Trashing can have deadly consequences. When some old Department of Justice computers were sold off, they had on their disks information on the whereabouts of witnesses in the Federal Witness Protection Program. Although the data had been deleted, it had not been completely erased from the disk. The DOJ was able to get back some of the computers, but not all, and was forced to relocate the compromised families as a result.

In 1991, spies posed as garbage collectors outside of a U.S. defense contractor executive’s home, dug through trash cans looking for information. One of the collectors was actually France’s consul general and claimed he was collecting fill for a hole in his yard. Upon investigation, the FBI determined that this operation was part of a French secret-searching mission, aimed at finding U.S. military or scientific information.

Then in 1999, two key members of a group called the “Phonemasters” were convicted of theft and possession of unauthorized access devices and unauthorized access to a federal interest computer. This international group of cyber criminals had allegedly penetrated the computer systems of MCI, Sprint, AT&T, Equifax and the National Crime Information Center. The Phonemasters’ skills had enabled them to download hundreds of calling card numbers and distribute them to organized crime groups around the world. Part of their method included dumpster diving and collecting old phone books and system manuals. These tools, combined with social engineering, led to the attacks on the mentioned systems.
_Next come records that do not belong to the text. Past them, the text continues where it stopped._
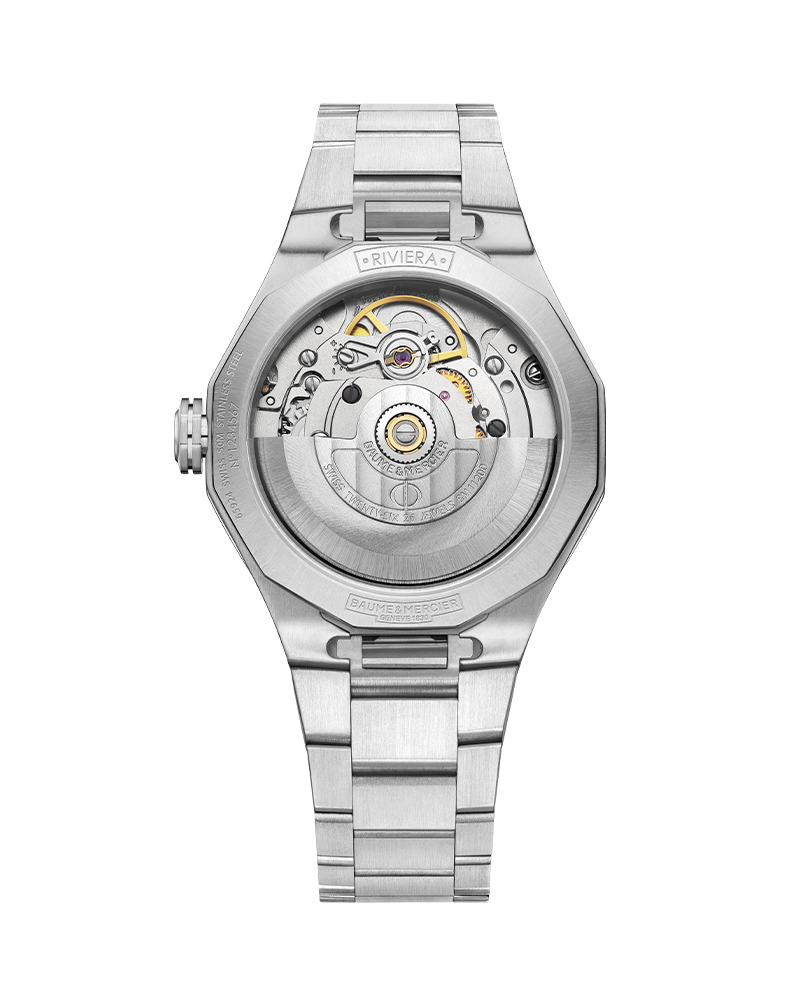 RIVIERA 10676, AUTOMATIC, DATE, DIAMOND-SET - 33MM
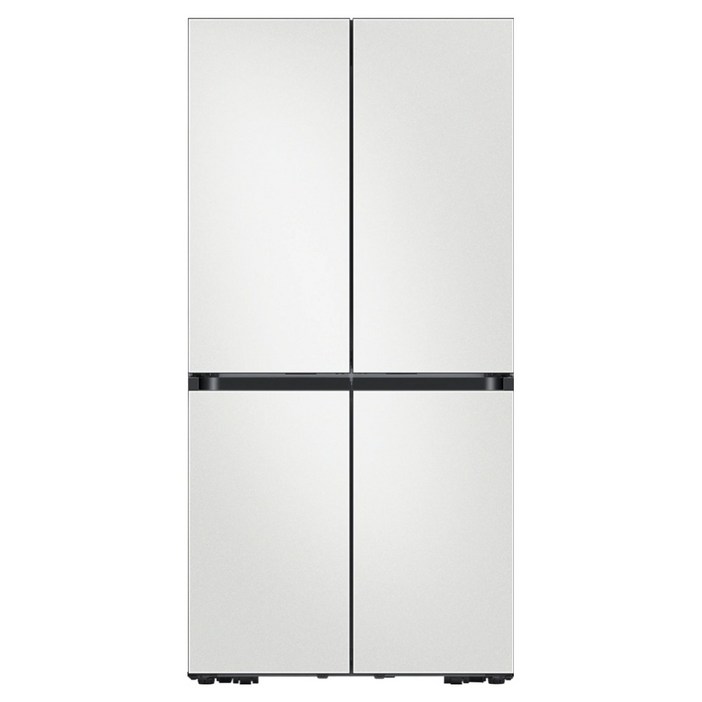 10 환급가전 삼성전자 비스포크 AI 하이브리드 637L 4도어 키친핏냉장고 방문설치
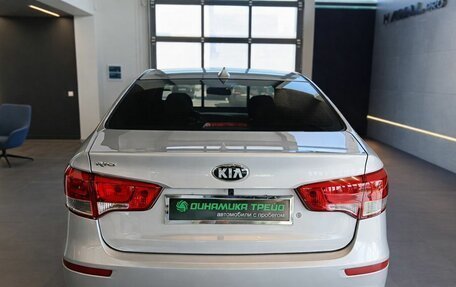 KIA Rio III рестайлинг, 2016 год, 1 100 000 рублей, 5 фотография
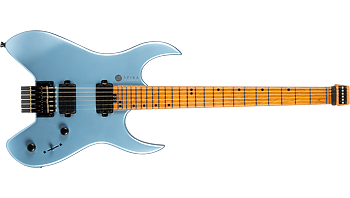 Spira Guitars S-400 HEADLESS MPB Blue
In 2000, in a widely publicized case, the CEO of Oracle, Larry Ellison, hired private investigators to dig through corporate dumpsters at Microsoft. This was an effort aimed at finding information about Microsoft’s possible development of grassroots organizations to support it’s side in an anti-trust lawsuit. One of the investigators unsuccessfully tried to pay off a member of the janitorial service in exchange for the garbage of one of these organizations. Ellison held that his actions were a ‘civic duty’, to uncover Microsoft’s secret funding of such groups, but his opponents assert that the incident was distasteful and scandalous. Microsoft complained that various organizations allied to it have been victimized by industrial espionage agents who attempted to steal documents from trash bins. The organizations include the Association for Competitive Technology in Washington, D.C., the Independent Institute in Oakland, California, and Citizens for a Sound Economy, another Washington D.C. based entity. Microsoft said, “We have sort of always known that our competitors have been actively engaged in trying to define us, and sort of attack us. But these revelations are particularly concerning and really show the lengths to which they’re willing to go to attack Microsoft.” Saying he was exercising a “civic duty,” Oracle chairman and founder Larry Ellison defended his company of suggestions that Oracle’s behavior was “Nixonian” when it hired private detectives to scrutinize organizations that supported Microsoft’s side in the antitrust suit brought against it by the government. The investigators went through trash from those organizations in attempts to find information that would show that the organizations were controlled by Microsoft. Ellison, who, like his nemesis Bill Gates at Microsoft, is a billionaire, said, “All we did was to try to take information that was hidden and bring it into the light,” and added: “We will ship our garbage to Microsoft, and they can go through it. We believe in full disclosure.” “The only thing more disturbing than Oracle’s behavior is their ongoing attempt to justify these actions,” Microsoft said in a statement. “Mr. Ellison now appears to acknowledge that he was personally aware of and personally authorized the broad overall strategy of a covert operation against a variety of trade associations.”

During the year 2001, industrial espionage came to light concerning the shampoo market between fierce competitors Proctor & Gamble and Unilever. Private Investigators hired by Proctor & Gamble sifted through garbage bins outside of the Unilever corporation, succeeding in gathering viable information about market analysis, predictions and future products. Upon legal action by Unilever, the two corporations settled out-of-court, because these actions broke Proctor & Gamble’s internal policy on information gathering.